What you are asked to do - Output each line of the listing exactly, though pictures are not to appear.

Input -

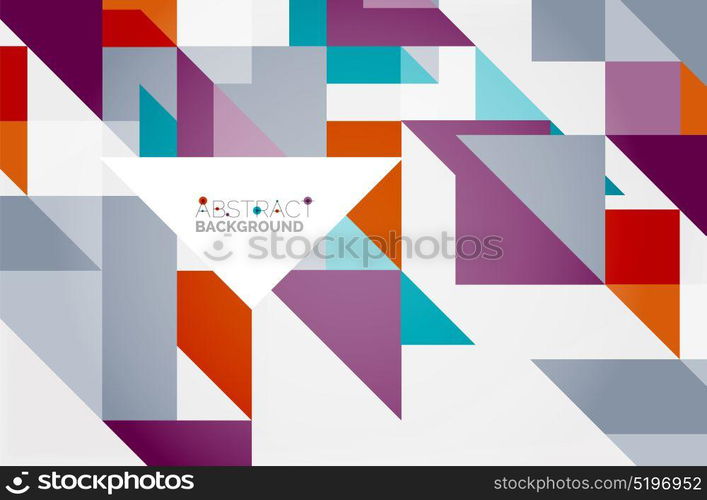Triangle pattern design background. Triangle pattern design background. Vector business or technology presentation template, brochure or flyer pattern, or geometric web banner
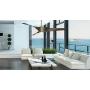 Minka-Aire F832L-VI Triple 60 Inch Ceiling Fan with Integrated LED Light and DC Motor in Vintage Iron Finish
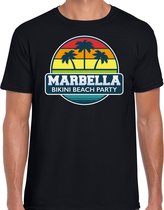 Marbella zomer t-shirt / shirt Marbella bikini beach party voor heren - zwart - Marbella beach party outfit / vakantie kleding /  strandfeest shirt M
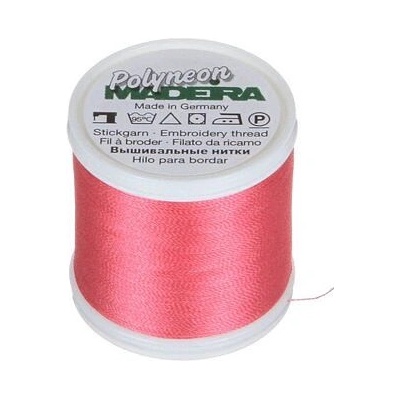 Vyšívací nitě PES Madeira Polyneon (400m) barva 1917 heather pink
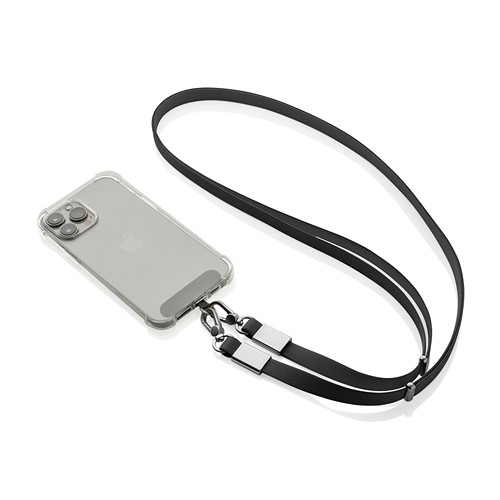 Nivo RCS recycled PET Crossbody lanyard Nivo RCS recycled PET Crossbody lanyard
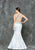 Glow by Colors - G673 Jeweled Illusion Halter Mermaid Dress in White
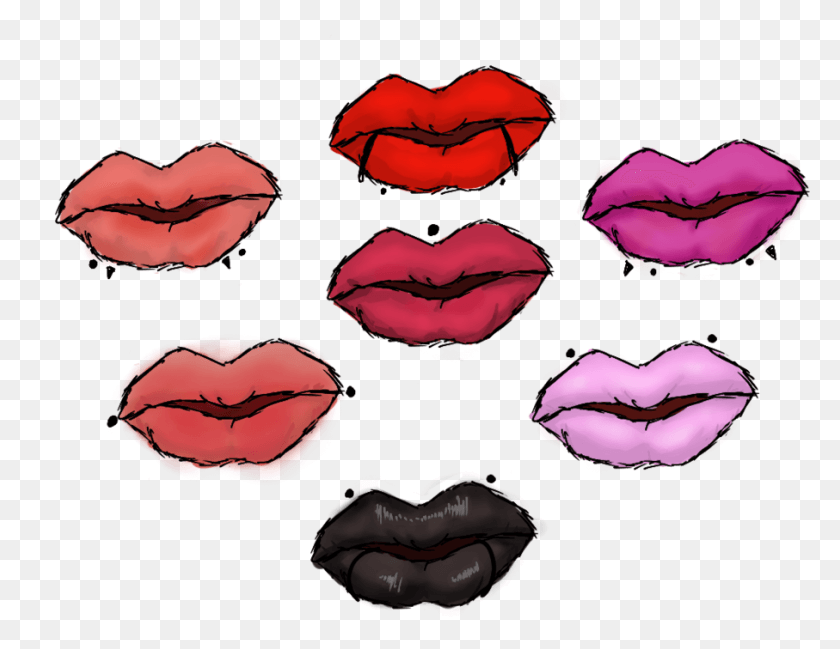 907x686 Lip Piercing, Mouth, Rose, Flower HD PNG Download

Your solution -
Triangle pattern design background. Triangle pattern design background. Vector business or technology presentation template, brochure or flyer pattern, or geometric web banner
 Minka-Aire F832L-VI Triple 60 Inch Ceiling Fan with Integrated LED Light and DC Motor in Vintage Iron Finish
 Marbella zomer t-shirt / shirt Marbella bikini beach party voor heren - zwart - Marbella beach party outfit / vakantie kleding /  strandfeest shirt M
 Vyšívací nitě PES Madeira Polyneon (400m) barva 1917 heather pink
 Nivo RCS recycled PET Crossbody lanyard Nivo RCS recycled PET Crossbody lanyard
 Glow by Colors - G673 Jeweled Illusion Halter Mermaid Dress in White
 907x686 Lip Piercing, Mouth, Rose, Flower HD PNG Download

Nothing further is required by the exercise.